Like everyone else I also was bitten by the bug of getting published and I remember having fallen for an offer made by my classmate, who was then teaching in Patna University, that he would see to it that I achieved authorship. After he collected the copy, he never quite mentioned anything about it. I thought I had lost out the rhymes as well as the opportunity of seeing it published, because on the few occasions I met him I was too shy to ask. But one of my periodic bonfires of old papers which have outlived their utility, brought to light not only this, but many longer rhymes and other doggerel verse.
The Fable for our Times was scribbled when my children were in the primary section (if I remember correctly, one of them was in the KG) and they were required to write something on their visit to the zoo for their class assignment. This piece grew out of that collective effort and is dedicated to those innocent uncomplicated years of their childhood which dispelled the officially incurred gloom in our lives and kept us going.
A FABLE FOR OUR TIMES
The caged animals of Sanjay Gandhi Zoo
Had enough of the veritable hell
That they were living through.
They had overheard their keepers,
Game wardens and lion tamers,
Talk of kindness to animals, but alas!
For this story there were no takers.
For in their hearts, they all knew
That all the talk of preserving the species
Was nothing more than a diversion
With which man himself amuses.
The most disgruntled of the whole lot of beasts
Were none other than the monkeys, apes and Chimpanzees.

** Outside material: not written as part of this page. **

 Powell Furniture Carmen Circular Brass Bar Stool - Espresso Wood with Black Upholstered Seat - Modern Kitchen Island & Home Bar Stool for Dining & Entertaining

The word spread through the underground channels.
(To such silent communication systems there are no human parallels!)
The time and venue for the meeting was published in
Zoo times-the animal samizdat
The zookeepers were unfortunately unaware of this
Coup de etat.
The meeting began on a very acrimonious note.
A lot of fire was breathed,
In danger stood many a throat.
But as the day wore on,
The deliberations assumed
A somber tone.
From some weak livered member in the crowd
Escaped a piteous moan.
The wizened sage, hirsute and shaggy
But taking a distinctly biped stance,
“Gentlemen and ladies, no hypocrisies here,
We are animals please”.
And shot a meaningful glance.
“Why have we been deprived of our liberty?
Not to speak of our property.
Separated from friends,
Plucked away from our habitat
And forced to live on human charity?
Why is it that what is sauce for the human goose,
Is not sauce for the animal gander?
The humans may the outer space colonize
But we can’t even at our pleasure wander.
The jungles here on our terra firma.
You must excuse me my meandering discourse.
But for describing our suffering and their wickedness,
One must perforce to metaphors and allegories take recourse.
Even then I wonder
Full justice could be done to their cursedness.
So I’ll do no better than introduce,
My dear friend, who is part clown, part impresario
For our benefit here, he will reduce,
His vast experience of the human inferno and purgatorio.”
A monkey gets up with great distaste
“Gentlemen! I am not keen on polemical debate.
Especially, if it is directed towards our closest mate.
Even though they may disown us for their own reasons.
If you ask me I am always at a loss,
When I watch my cage keeper speak to his boss.
He shivers before him in season and out of season.
He sniggers and he twitters
And engages in meaningless chatter.
He keeps devising ingenious ways to flatter.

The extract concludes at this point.